+++ Data shown

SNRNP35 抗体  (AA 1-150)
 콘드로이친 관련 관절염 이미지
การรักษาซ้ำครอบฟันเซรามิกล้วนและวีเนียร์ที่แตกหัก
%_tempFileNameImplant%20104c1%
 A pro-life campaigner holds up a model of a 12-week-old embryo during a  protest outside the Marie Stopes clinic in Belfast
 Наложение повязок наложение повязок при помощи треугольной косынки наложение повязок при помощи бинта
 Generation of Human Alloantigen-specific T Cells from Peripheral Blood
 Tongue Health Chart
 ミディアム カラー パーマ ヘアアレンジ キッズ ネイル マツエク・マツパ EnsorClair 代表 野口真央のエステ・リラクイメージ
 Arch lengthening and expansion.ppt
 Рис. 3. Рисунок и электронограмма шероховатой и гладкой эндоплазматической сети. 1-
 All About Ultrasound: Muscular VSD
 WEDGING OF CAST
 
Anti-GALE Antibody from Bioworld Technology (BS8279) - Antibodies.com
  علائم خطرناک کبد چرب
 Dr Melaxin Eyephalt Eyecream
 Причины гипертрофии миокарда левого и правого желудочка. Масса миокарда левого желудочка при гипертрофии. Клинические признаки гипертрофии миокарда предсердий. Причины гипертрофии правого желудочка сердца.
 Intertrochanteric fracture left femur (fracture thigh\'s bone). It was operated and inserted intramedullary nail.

++++++

Problem:
Report the count of lines in the entries that contain the string "from", and nothing besides it.

Reply to the task:
2